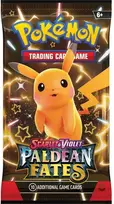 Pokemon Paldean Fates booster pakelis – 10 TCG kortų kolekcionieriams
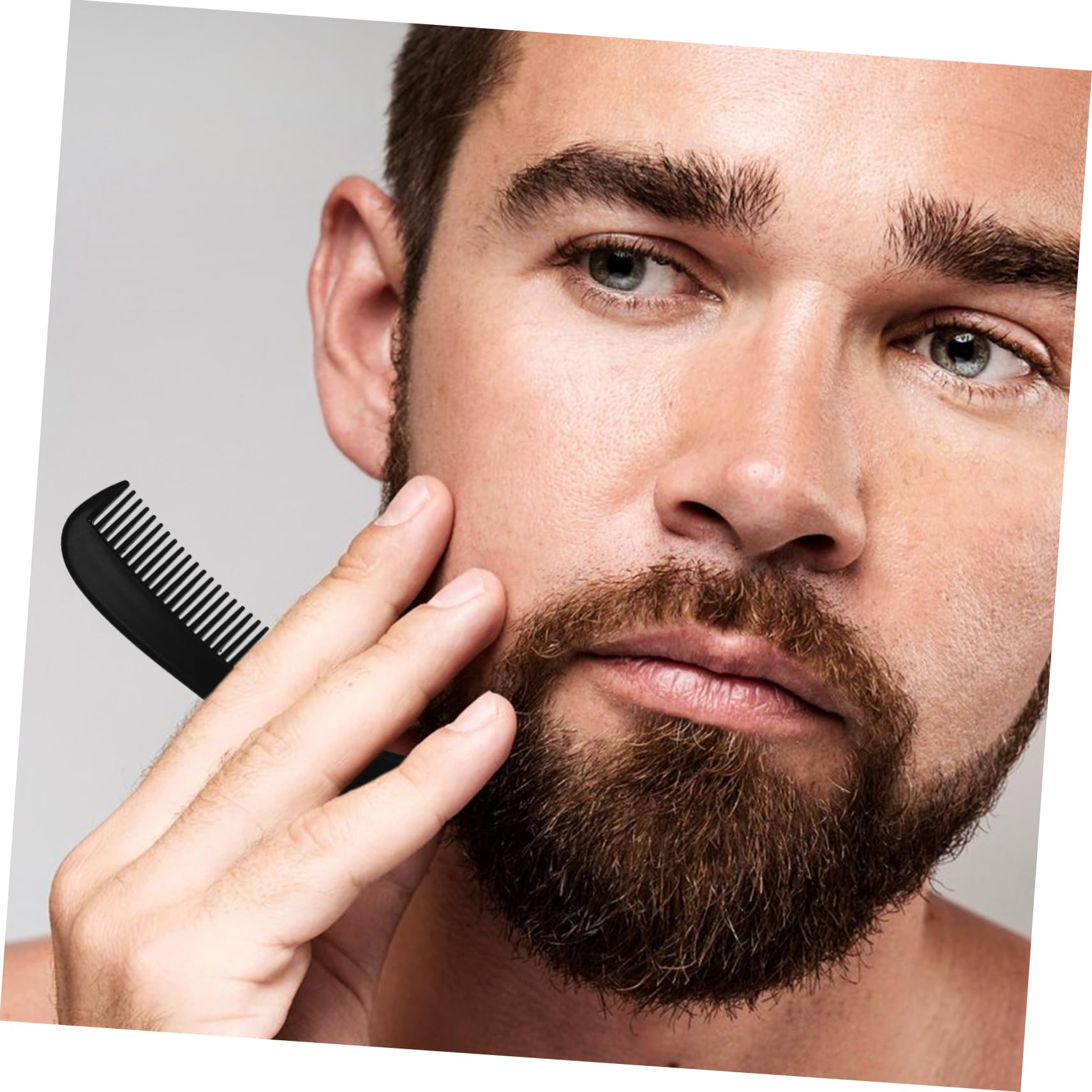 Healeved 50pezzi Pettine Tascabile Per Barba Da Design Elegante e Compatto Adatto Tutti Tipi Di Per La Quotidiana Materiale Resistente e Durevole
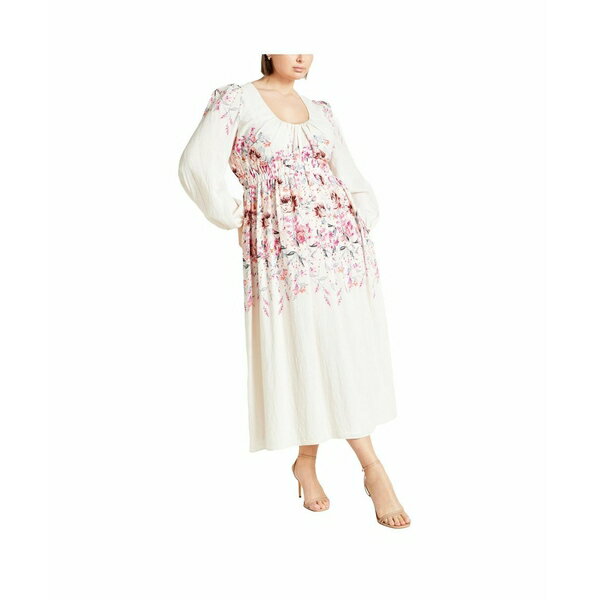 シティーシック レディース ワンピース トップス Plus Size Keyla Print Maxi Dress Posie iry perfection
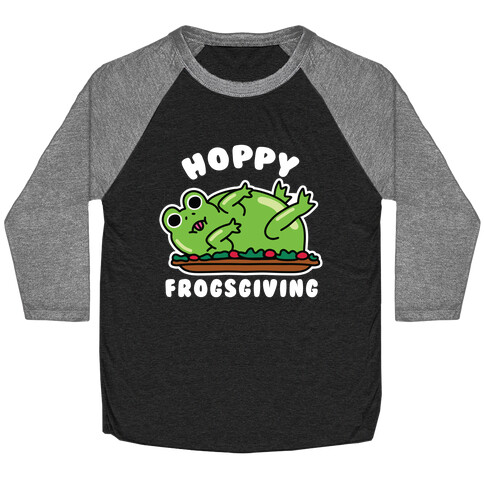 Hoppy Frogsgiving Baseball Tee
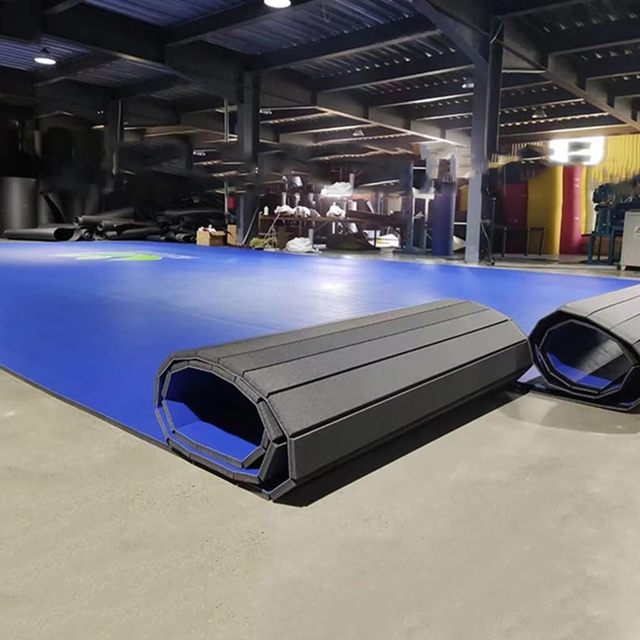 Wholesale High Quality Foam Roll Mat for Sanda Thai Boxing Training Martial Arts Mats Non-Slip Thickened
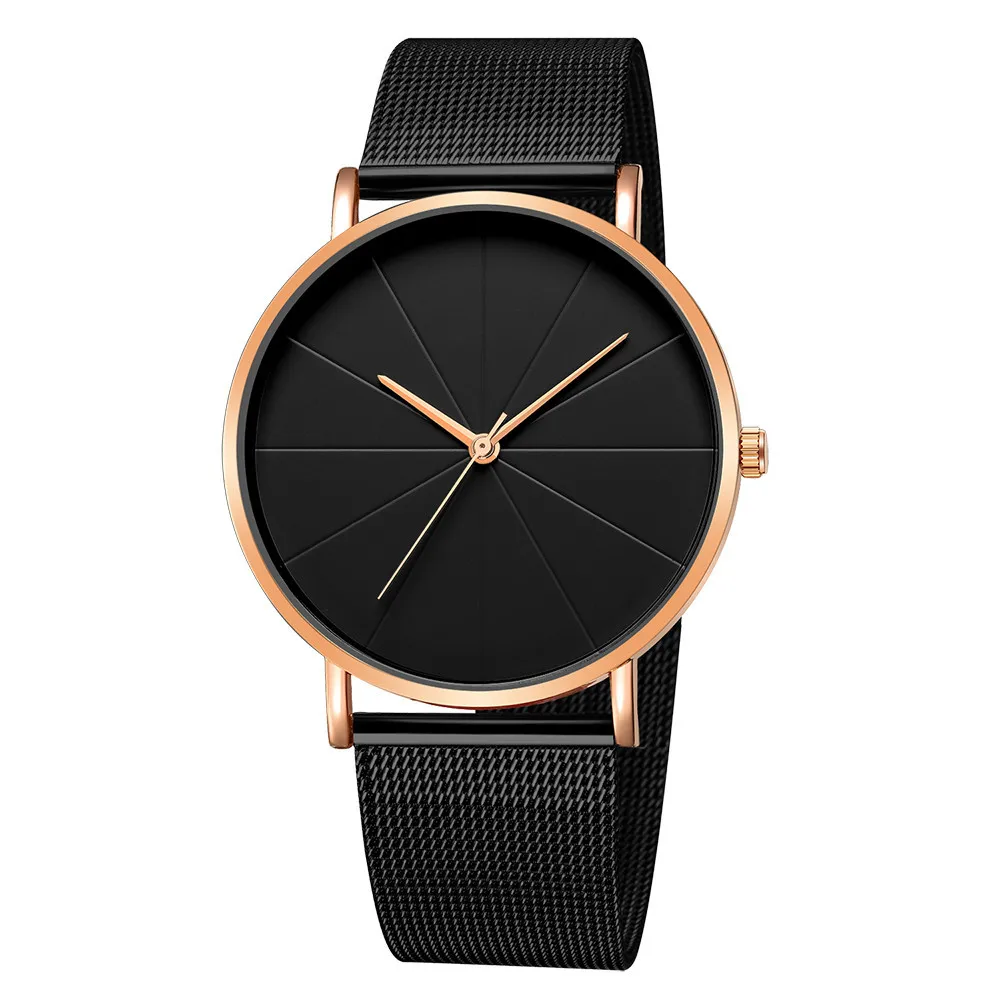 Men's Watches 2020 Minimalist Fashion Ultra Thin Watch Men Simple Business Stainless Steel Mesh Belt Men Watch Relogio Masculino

----------------------------------------

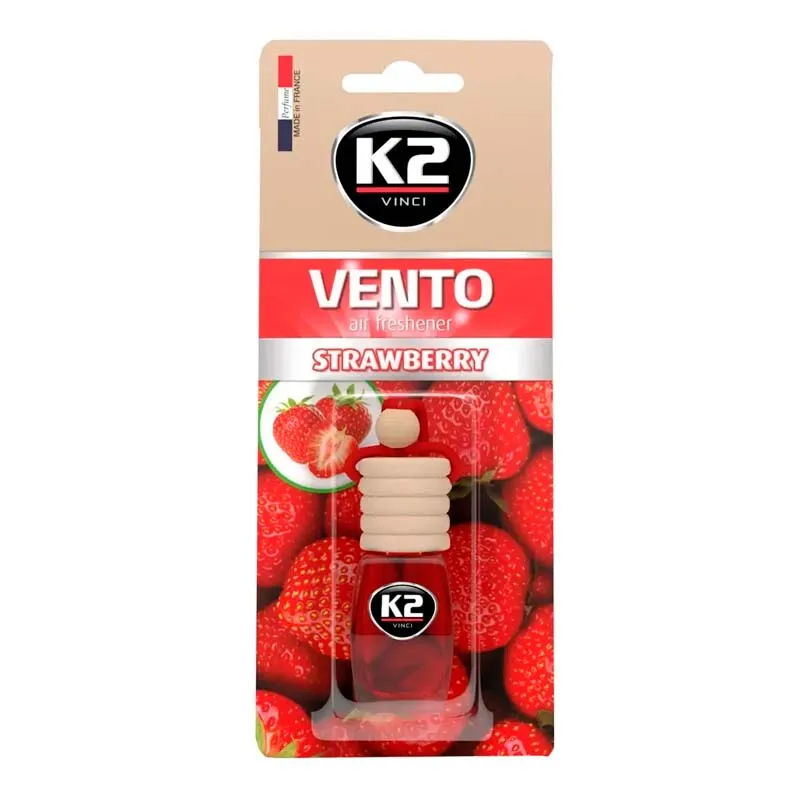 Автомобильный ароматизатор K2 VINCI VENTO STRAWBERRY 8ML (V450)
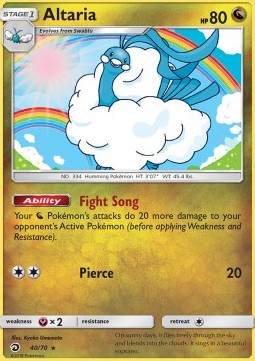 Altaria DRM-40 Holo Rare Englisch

----------------------------------------

- [What this task involves]:
In the listing above, find the line with "シティーシック レディース ワンピース" and output every line through the one with "Men's Watches 2020", exactly, without the pictures.

- [Task output]:
 シティーシック レディース ワンピース トップス Plus Size Keyla Print Maxi Dress Posie iry perfection
 Hoppy Frogsgiving Baseball Tee
 Wholesale High Quality Foam Roll Mat for Sanda Thai Boxing Training Martial Arts Mats Non-Slip Thickened
 Men's Watches 2020 Minimalist Fashion Ultra Thin Watch Men Simple Business Stainless Steel Mesh Belt Men Watch Relogio Masculino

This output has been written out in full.